WHAT YOU HAVE TO DO — Up to and including the line that holds "4141 Sterling Street", copy every line of the records below exactly, starting at the first; leave pictures out.
====== DATA IN THIS EXERCISE
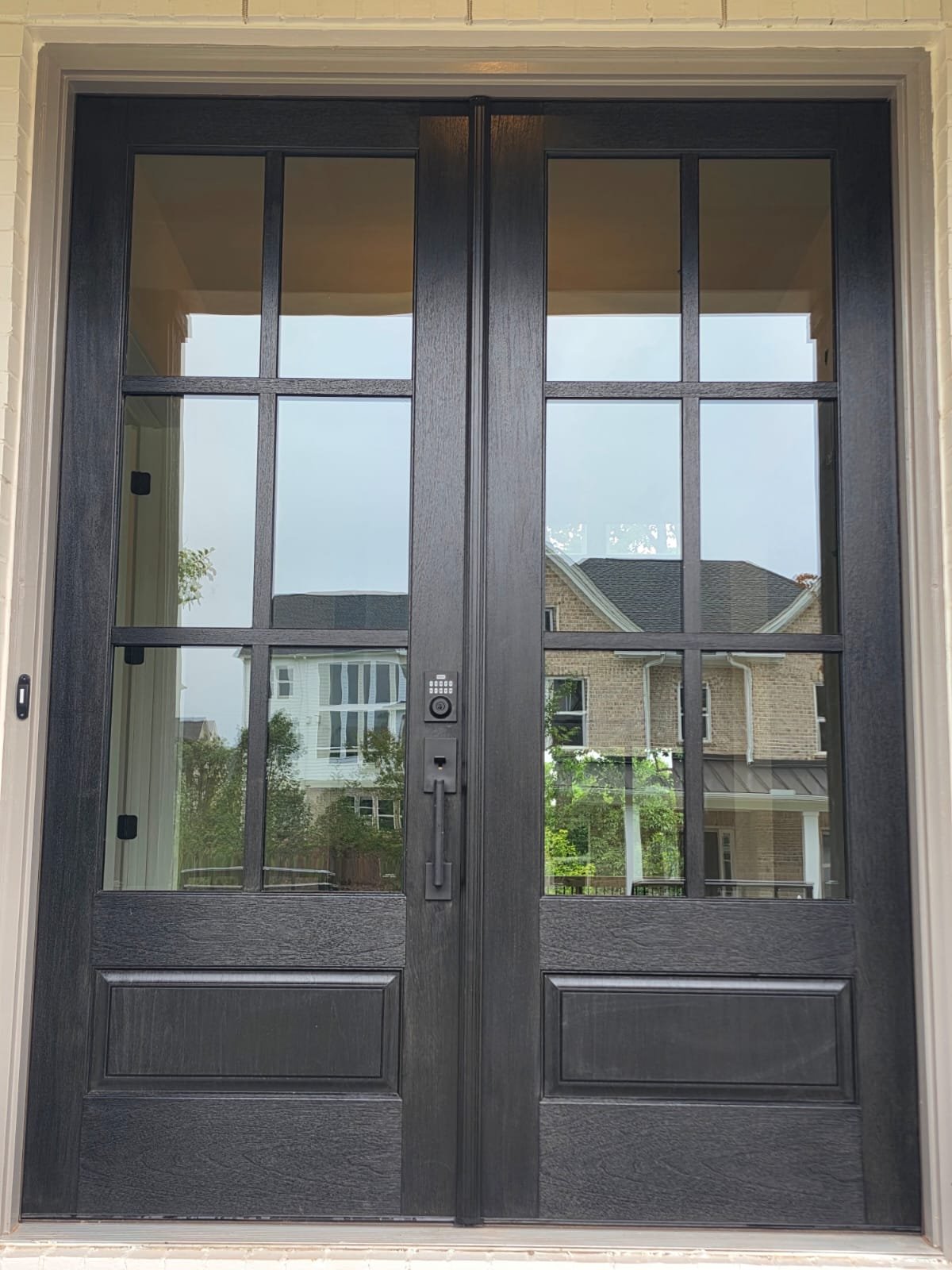 Black double front door with glass panels and a keypad lock, reflecting neighboring houses and trees.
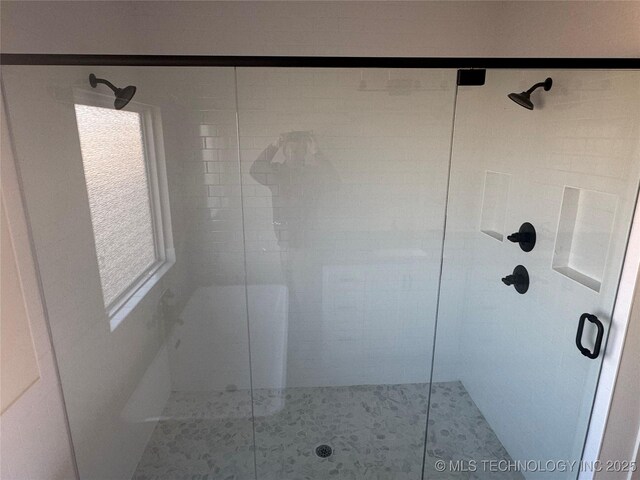 bathroom with a shower with shower door and tile patterned floors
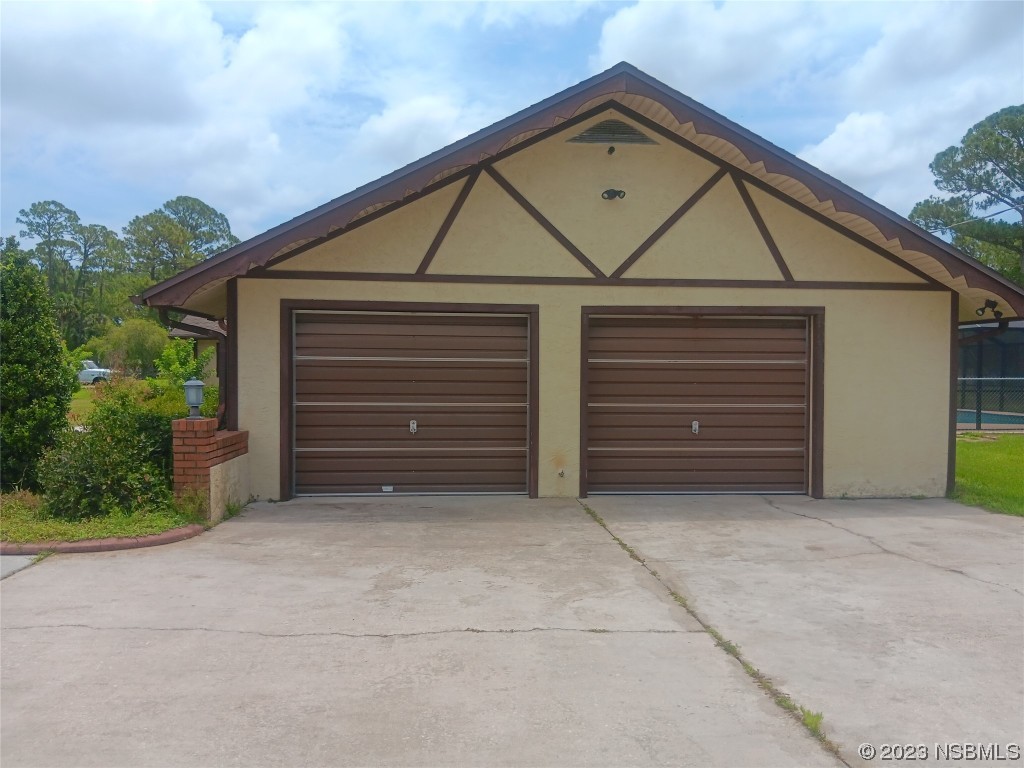 4141 Sterling Street Mims, FL 32754 - Photo 19 of 20 a view of garage with a small barn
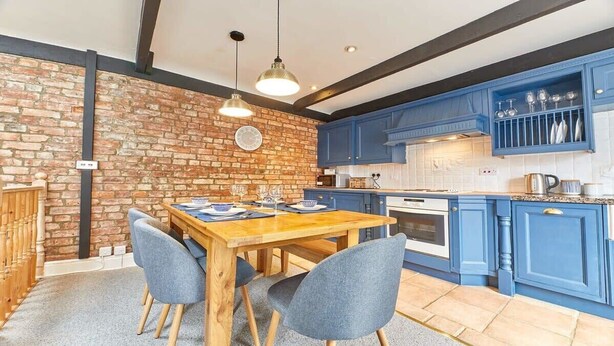 A kitchen with blue cabinets, a brick wall, a wooden dining table, and chairs. - Host & Stay | The Burrow (Alnwick)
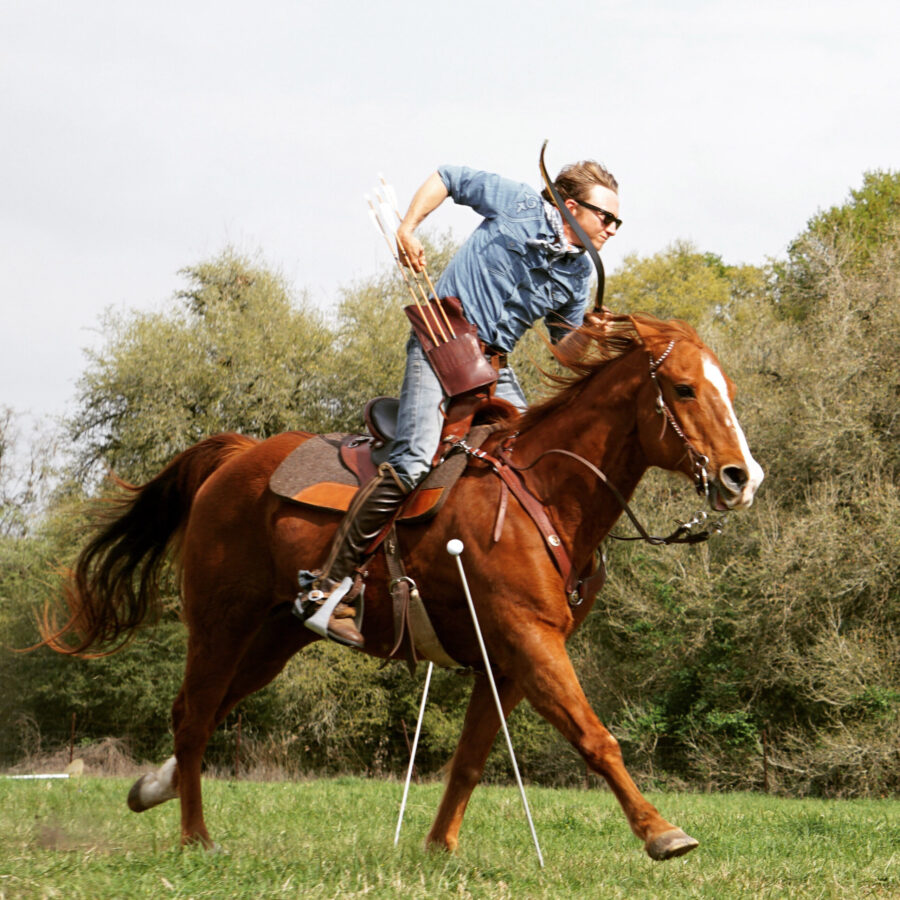 Thoroughbred ridden in a TW Saddlery trail saddle during mounted archery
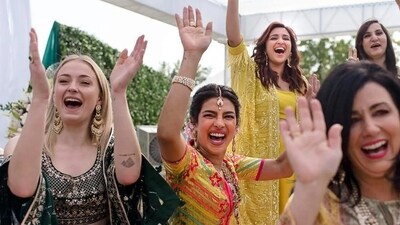 Parineeti Chopra was an excited bridesmaid during Priyanka Chopra's wedding celebrations. Here, she is seen in a yellow outfit, cheering with Priyanka, Sofie Turner during the Haldi. Parineeti Chopra was an excited bridesmaid during Priyanka Chopra's wedding celebrations. Here, she is seen in a yellow outfit, cheering with Priyanka, Sofie Turner during the Haldi. 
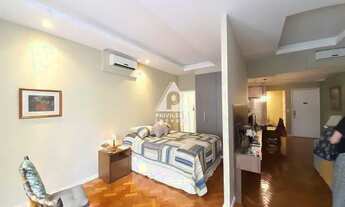 Imagem 6: Apartamento tipo studio com sala, lavabo, quarto (suite), cozinha e área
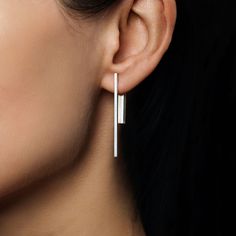 Fore earrings is a minimal design with outstanding simplicity and undeniable style. Double sided, so front and back can be worn separately as well as combined with different ear post. MATERIAL: Silver or 18K Yellow Gold-plated Silver ( please specify when ordering) MEASUREMENTS: Front part- 24 mm Back part- 40 mm Hand made in "aka jewellery" Brooklyn studio. Double Sided Earrings, Jewelry Studio, Design Aesthetic, Single Earring, Gold Plated Silver, Minimal Design, Sustainable Fashion, Earring Set, Silver Plate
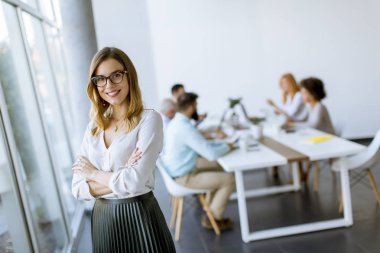 Modern ofiste duran genç oldukça çekici kadın Yöneticisi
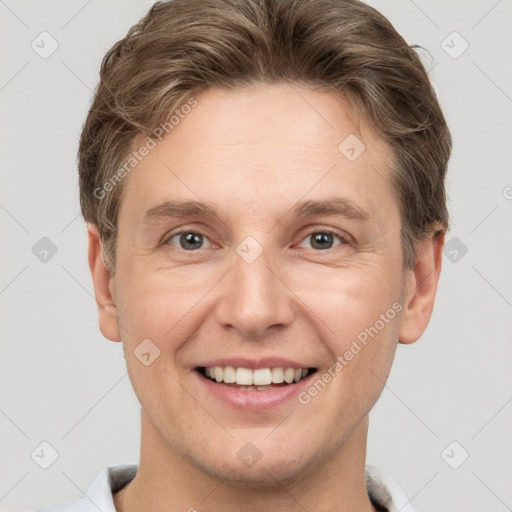 Joyful white young-adult male with short  brown hair and grey eyes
============
SOLUTION FOR THIS EXERCISE —
 Black double front door with glass panels and a keypad lock, reflecting neighboring houses and trees.
 bathroom with a shower with shower door and tile patterned floors
 4141 Sterling Street Mims, FL 32754 - Photo 19 of 20 a view of garage with a small barn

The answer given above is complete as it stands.